Closed ag14774 closed 5 years ago
Here is quick implementation of iteration based training which replaces line 51 to 86 of the trainer.py
.
batch_per_epoch = 10000
for batch_idx, (data, target) in enumerate(itertools.cycle(self.data_loader)):
data, target = data.to(self.device), target.to(self.device)
self.optimizer.zero_grad()
output = self.model(data)
loss = self.loss(output, target)
loss.backward()
self.optimizer.step()
if batch_idx % self.log_step == 0:
self.logger.debug('Train Epoch: {} [{}/{} ({:.0f}%)] Loss: {:.6f}'.format(...)
# validation
if batch_idx % batch_per_epoch == 0 and self.do_validation:
log = {
'loss': total_loss / len(self.data_loader),
'metrics': (total_metrics / len(self.data_loader)).tolist()
}
val_log = self._valid_epoch(epoch)
log = {**log, **val_log}
if self.lr_scheduler is not None:
self.lr_scheduler.step()
return log
As you may have noticed, structure of training loop differs much from that of epoch based training. I'm currently not working on iteration based training, because I could not find a clean and simple enough way to support both iteration and epoch based training.
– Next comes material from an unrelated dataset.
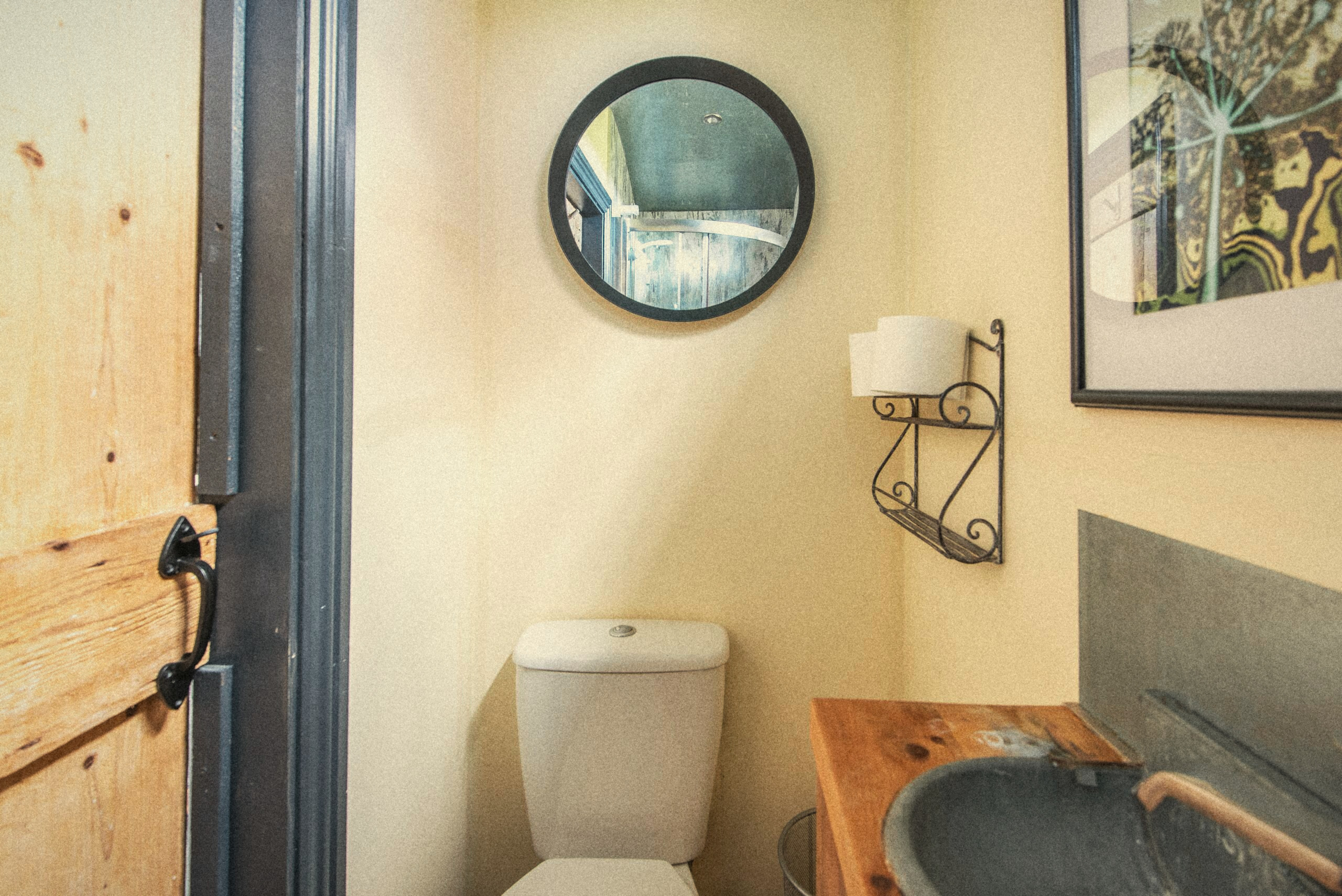 The Carriage bathroom with basin and WC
Moreover, since pytorch dataset
and data_loader
is basically finite sequence, we need to make the data_loader
loops infinitely. (I used itertools.cycle
here for that, but this is not correct since the order of sampled batches is fixed now.) As I know, best way for doing this is implementing custom data loader as something like generator object, which I think is too much to have in this simple mnist example.
Here is how I implemented it. I added a step(self, epoch)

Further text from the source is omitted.